Of course, history never repeats itself exactly. Vietnam and Iraq are different conflicts in different times, but there is an important similarity: A point was reached during the Vietnam War when the domestic debate became so bitter as to preclude rational discussion of hard choices. Administrations of both political parties perceived the survival of South Vietnam as a significant national interest. They were opposed by a protest movement that coalesced behind the conviction that the war reflected an amorality that had to be purged by confrontational methods. This impasse doomed the U.S. effort in Vietnam; it must not be repeated over Iraq.
This is why a brief recapitulation of the Indochina tragedy is necessary.
It must begin with dispelling the myth that the Nixon administration settled in 1972 for terms that had been available in 1969 and therefore prolonged the war needlessly.
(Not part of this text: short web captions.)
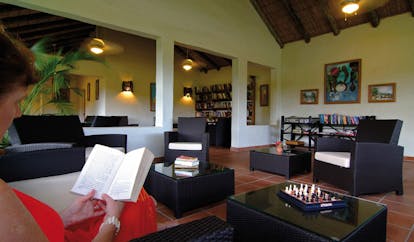 Galley Bay Antigua library woman reading communal indoor seating area modern décor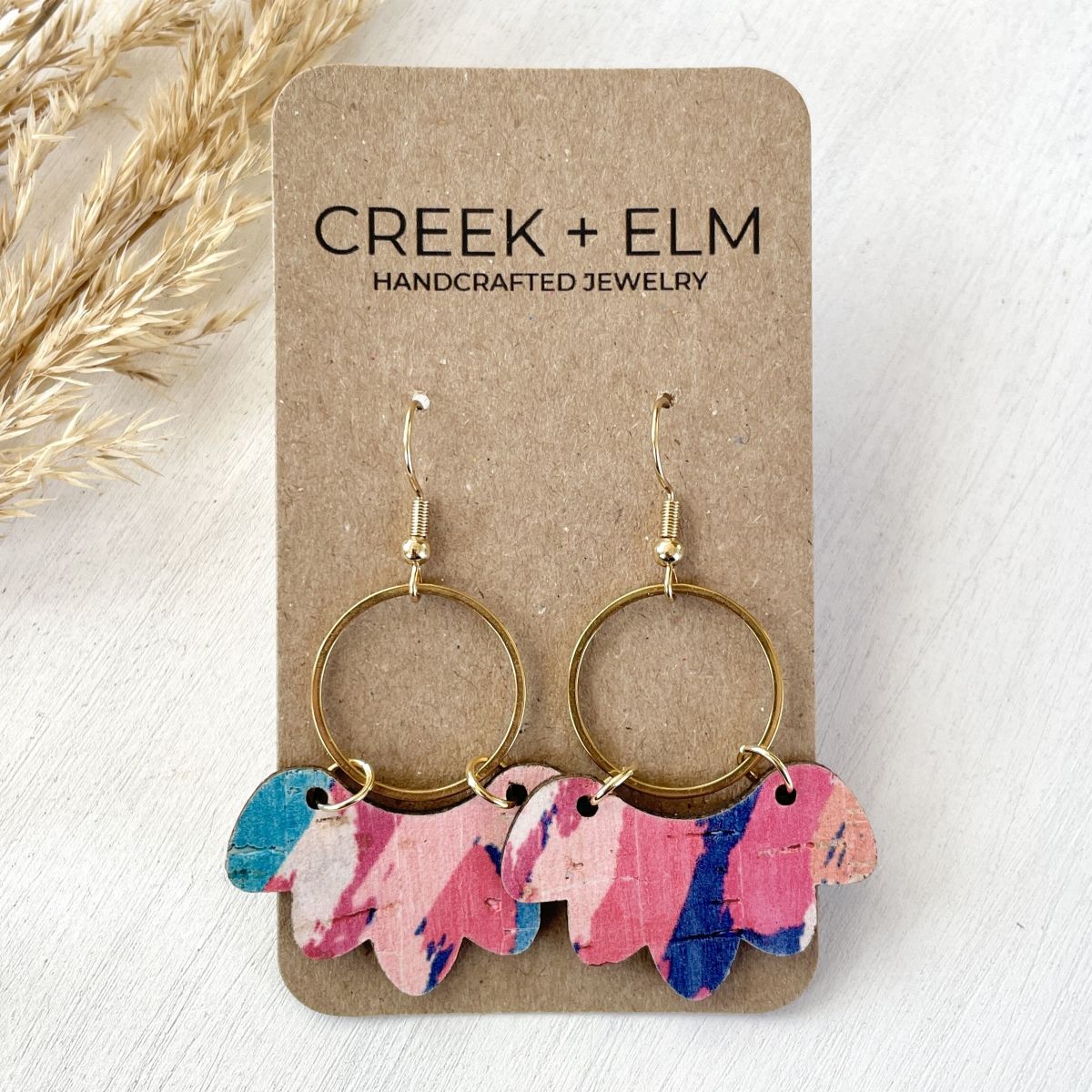 Pair of hoop earrings with colorful elephant charms on a Creek + Elm branded card.
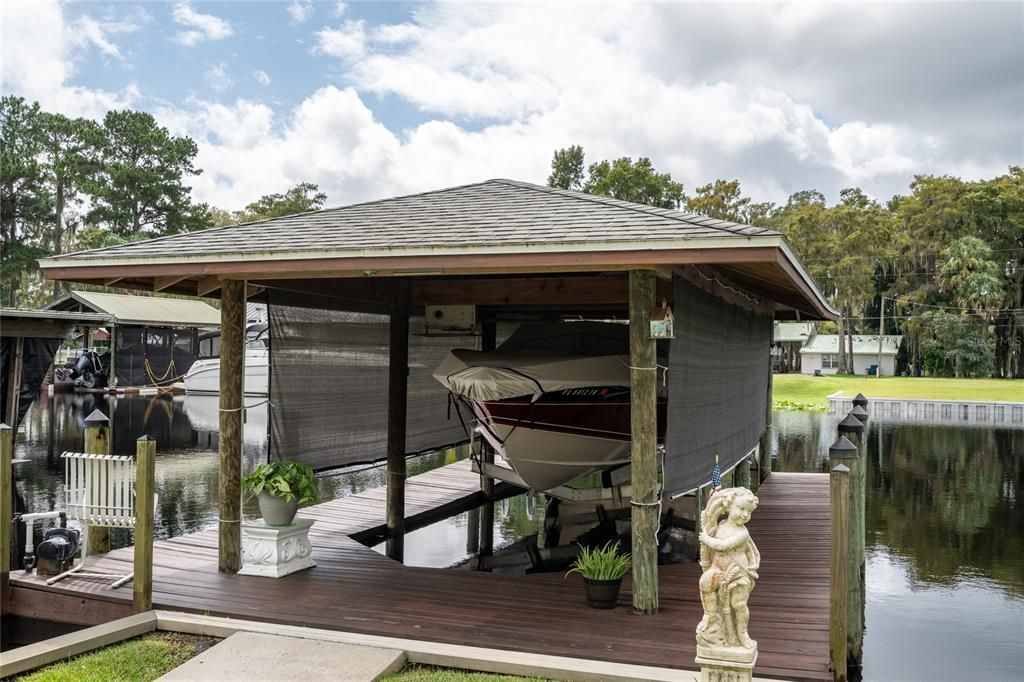 Large boathouse with 6,000 lb lift can store a 25' boat.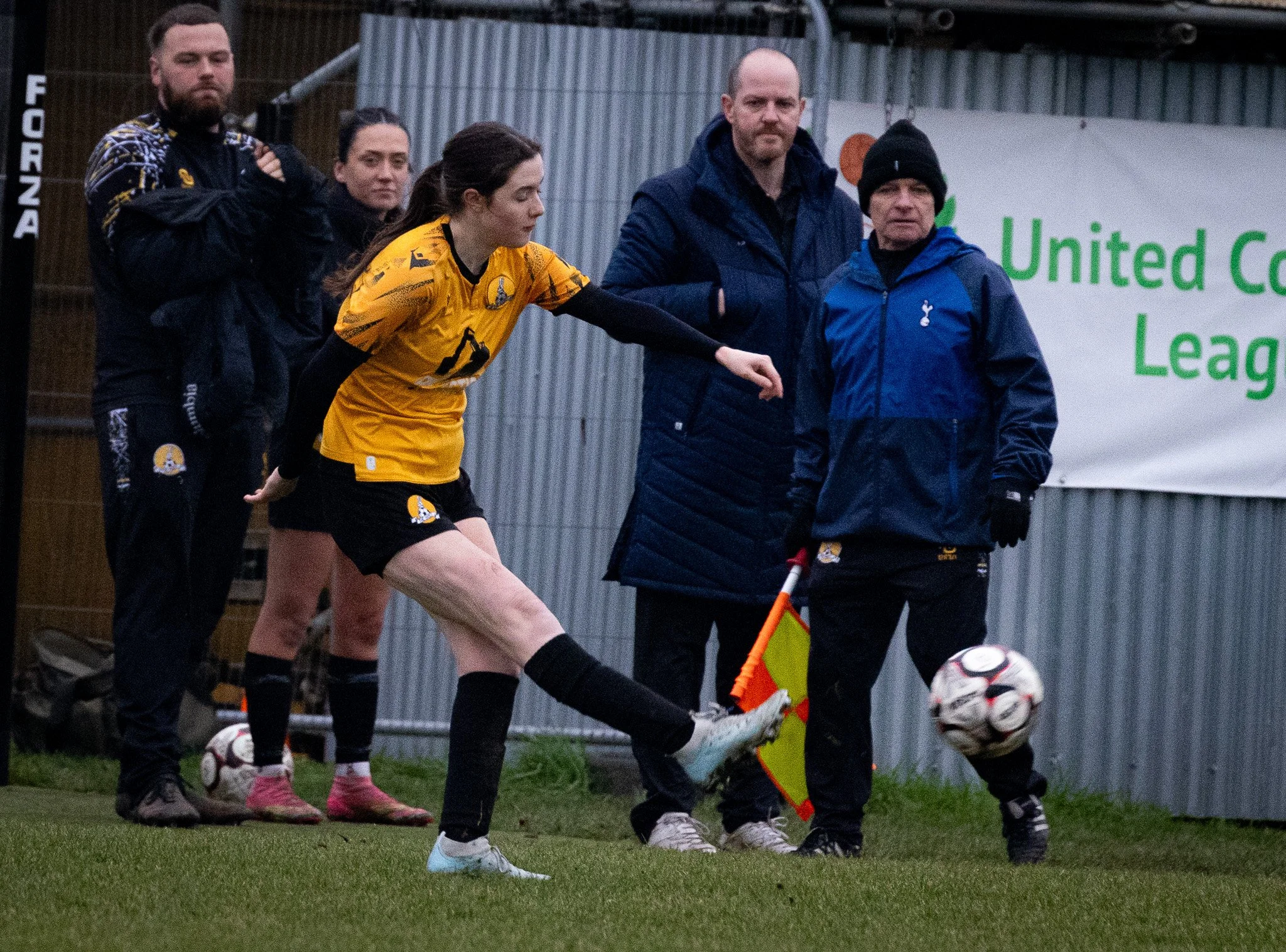 A woman soccer player in yellow jersey kicking a ball during a match. Two men and a woman in sportswear stand nearby, with one holding an assistant referee flag. A sign with green text reads 'United Co League' in the background.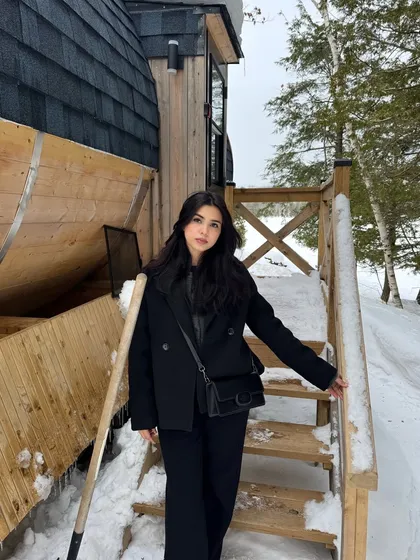 A different pose on the snowy cabin steps, showing the winter outfit from another angle.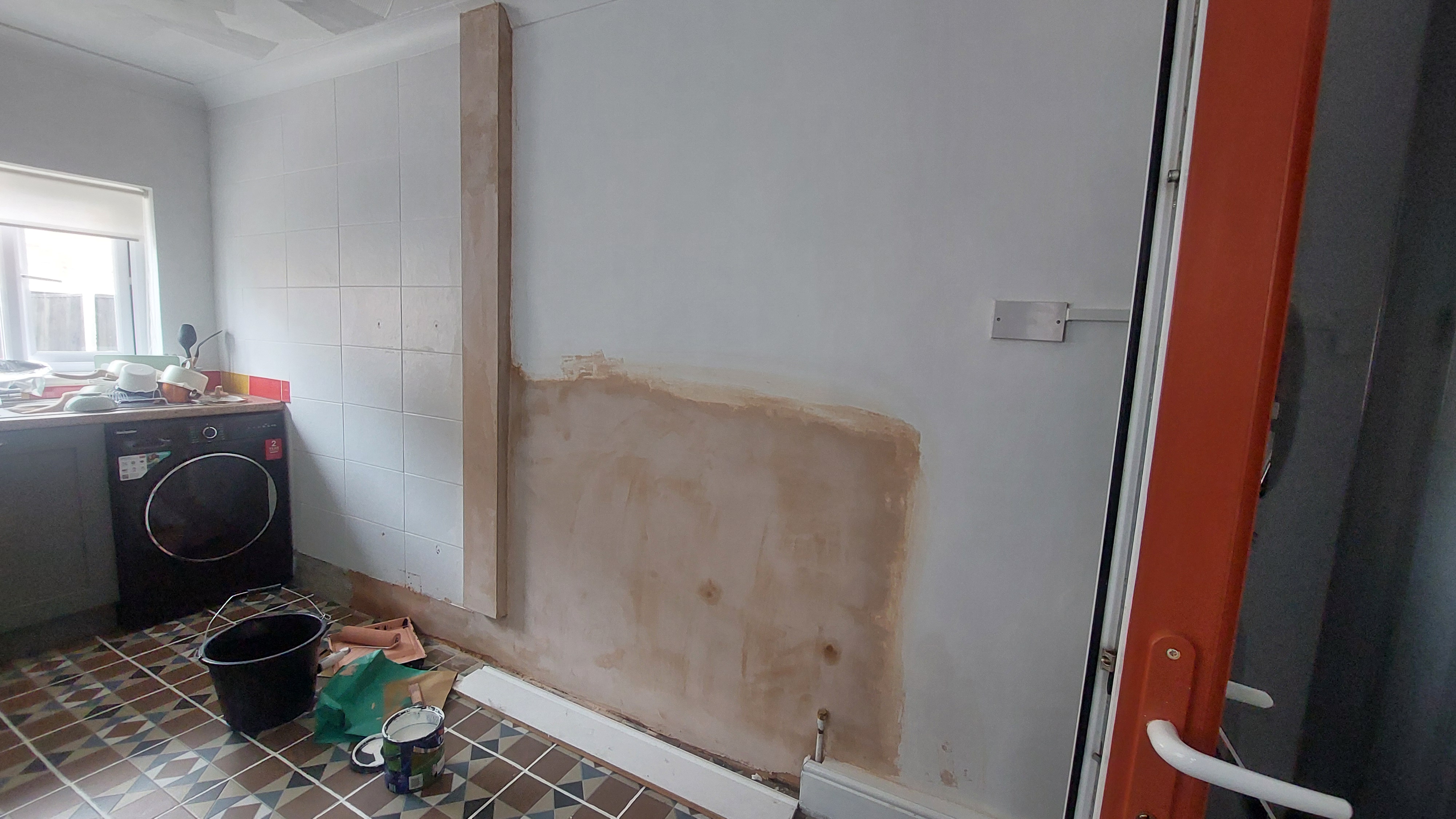 Freshly plastered kitchen wall in progress showing damp patches, patterned floor tiles, and painting supplies.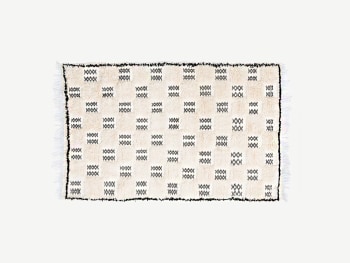 Beige wool rug with a fine black checkered pattern.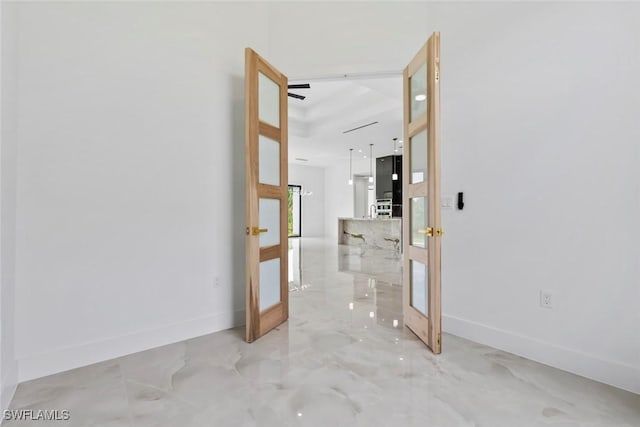 3614 22nd Ave NE, Naples, FL 34120 - hallway featuring french doors and light marble finish flooring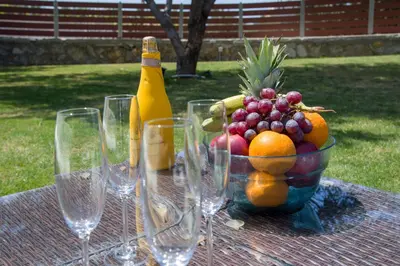 a table with a bowl of fruit and a bottle of champagne at Villa Ciel in Agios Padeleimon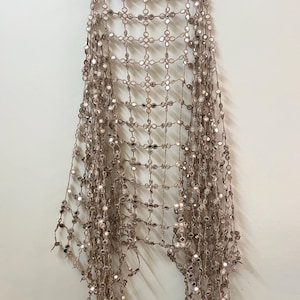 May include: A decorative, open-weave shawl with a grid pattern, adorned with numerous small, round, reflective mirror accents. The shawl is a neutral beige color and hangs from a wooden hanger against a white wall.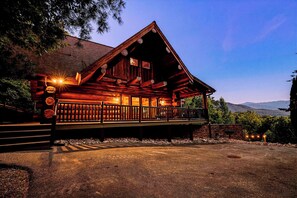 A wooden cabin with a porch, a stone wall, and a gravel driveway. - Round Log Cabin with Stunning Views (Gatlinburg)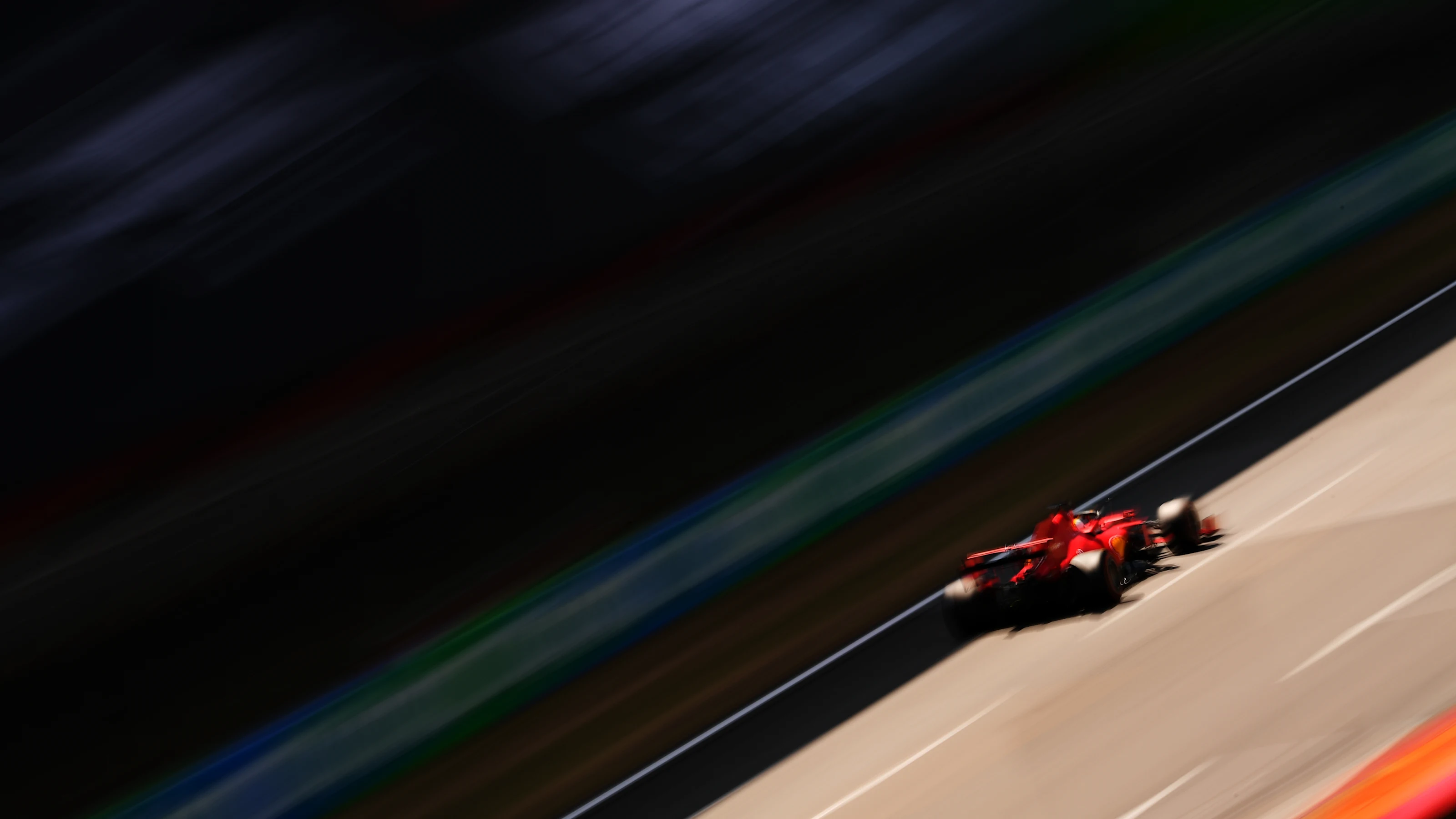 BARCELONA, SPAIN - AUGUST 15: Sebastian Vettel of Germany driving the (5) Scuderia Ferrari SF1000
Whether the agreement, officially signed in January 1973, could have preserved an independent South Vietnam and avoided the carnage following the fall of Indochina will never be known. We do know that American disunity prevented such an outcome when Congress prohibited the use of military force to maintain the agreement and cut off aid after all U.S. military forces (except a few hundred advisors) had left South Vietnam. American dissociation triggered a massive North Vietnamese invasion, in blatant violation of existing agreements, to which the nations that had endorsed these agreements turned their backs.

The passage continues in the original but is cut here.